• **What to work on**: Please return the listing below word for word, minus its pictures.

▶

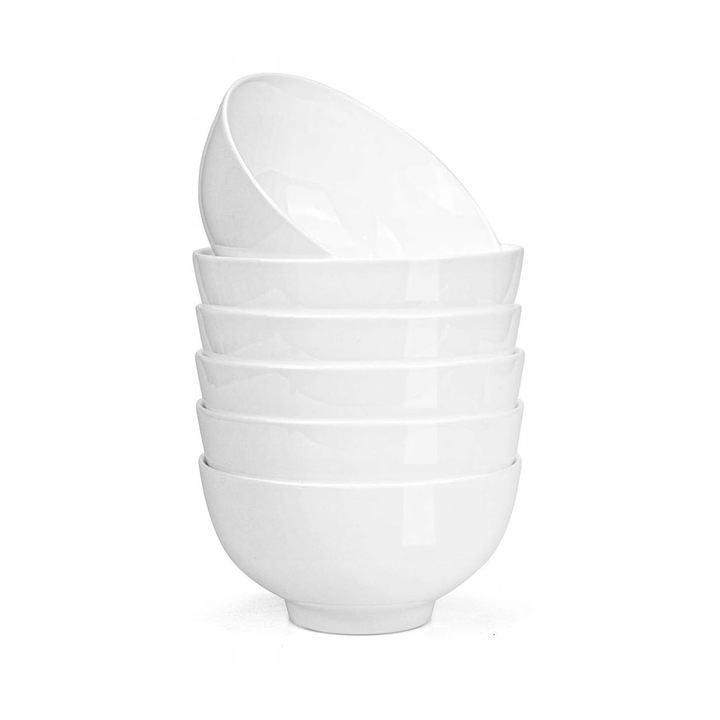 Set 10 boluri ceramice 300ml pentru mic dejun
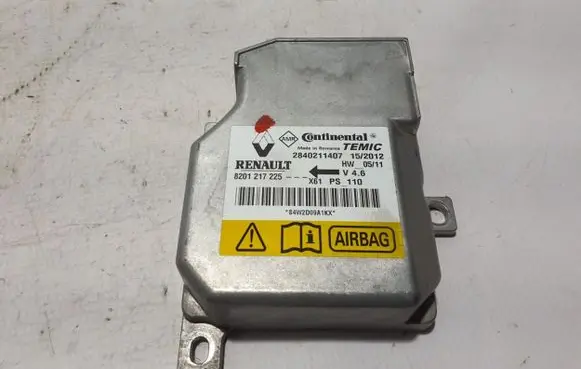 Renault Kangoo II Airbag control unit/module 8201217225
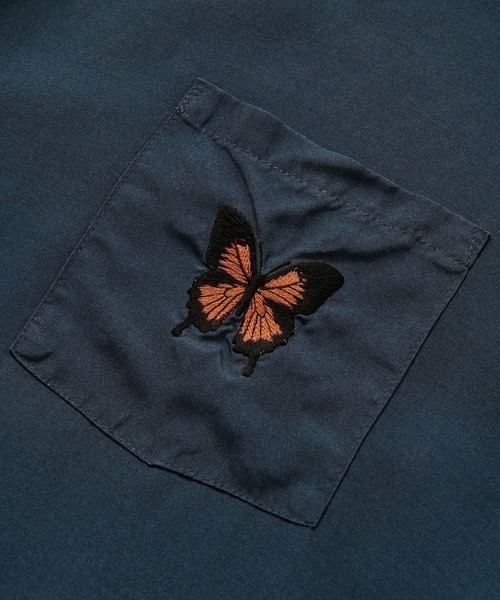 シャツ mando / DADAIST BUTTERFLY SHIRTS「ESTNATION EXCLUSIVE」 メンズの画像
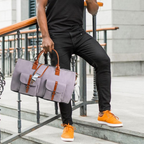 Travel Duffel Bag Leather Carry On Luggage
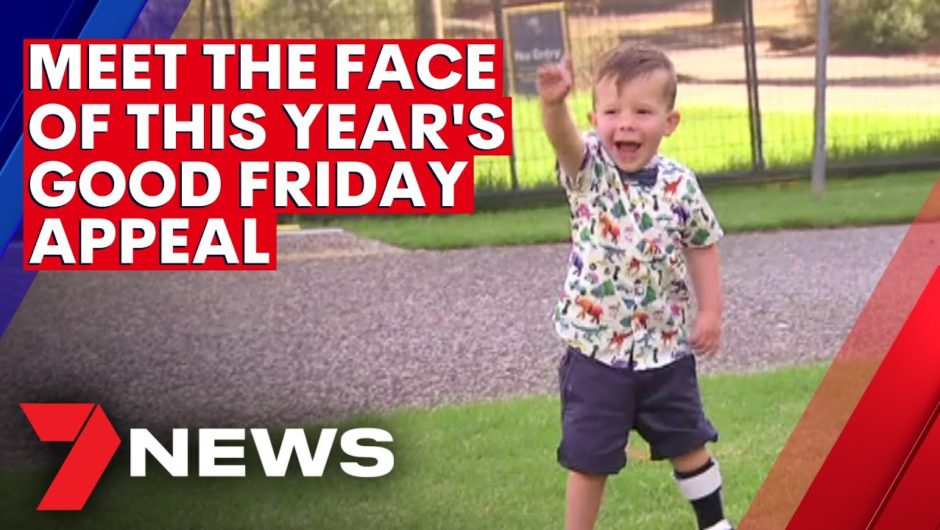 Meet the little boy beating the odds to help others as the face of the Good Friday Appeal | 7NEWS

◀

• **Output for this exercise**:
 Set 10 boluri ceramice 300ml pentru mic dejun
 Renault Kangoo II Airbag control unit/module 8201217225
 シャツ mando / DADAIST BUTTERFLY SHIRTS「ESTNATION EXCLUSIVE」 メンズの画像
 Travel Duffel Bag Leather Carry On Luggage
 Meet the little boy beating the odds to help others as the face of the Good Friday Appeal | 7NEWS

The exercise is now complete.